After evaluating the findings from their study, the three researchers had come up with scheduler prototype that would be highly conscious of contention in the multicore systems. They called this new technique the Distributed Intensity Online (DIO). The supposed scheduler would dish out all of the intense (high LLC miss ups) applications in the whole of the memory domain. This is done after evaluating the amount of miss ups online. From their findings, it is possible, therefore, to deduce that memory contention for all shared structures can be highly reduced through the availability of numerous memory modules with a network of interconnection that has a common access through put equivalent to the number of memory modules that are shared (Nemirovsky & Tullsen, 2013).

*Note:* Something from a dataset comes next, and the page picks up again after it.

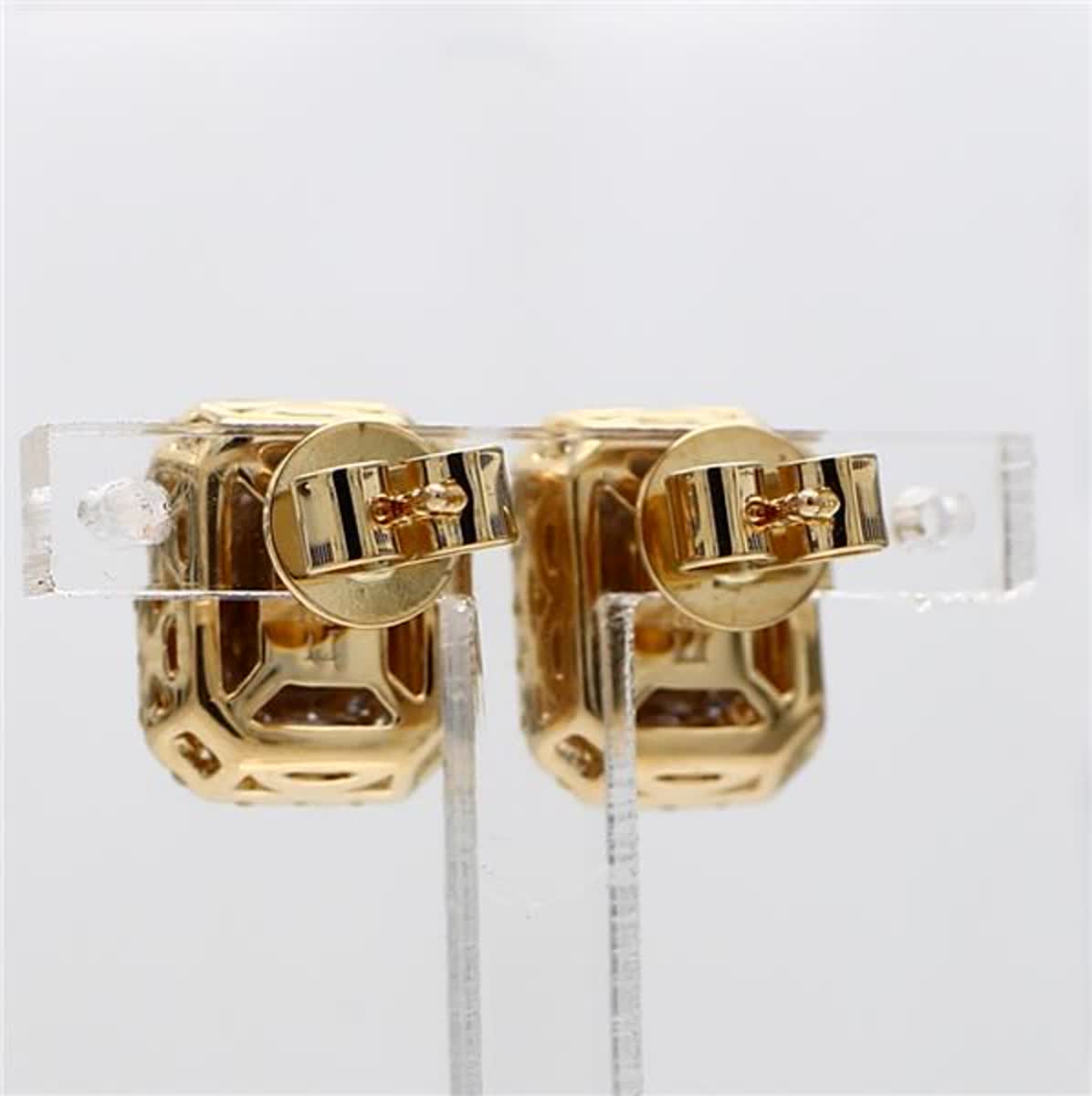 Natural Yellow Radiant and White Diamond 1.51 Carat TW Gold Stud Earrings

Moreover, they also proposed a second prototype, known as the workload Power Distribute Intensity (Power DI) which would schedule applications with regard to undertaking various activities in the information centers. This second prototype would save power through defining the way in which systems are employed without degrading their performance or that of others.

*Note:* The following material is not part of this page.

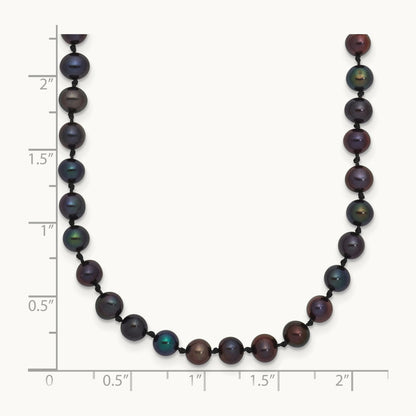 4- Black Near Round Freshwater Cultured Pearl Necklace, 5mm, 14K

Sharing of resources in multicore systems leads to the contention that has the potential of reducing the efficiency of the systems. Fedorova et al. (2009), through their study have managed to come up with ways of reducing these contentions by use of the scheduling procedures. Unlike past beliefs, performance lowering has been able to be attributed to a number of other resources sharing and not cache, as it was mainly thought. Memory interconnection and hardware prefetch have been found to be the major degraders nowadays. The LLC miss up rates have proved to be the best predictors for any contention. Processes that use this technique are likely to help in the maintenance of good performance and also in saving power.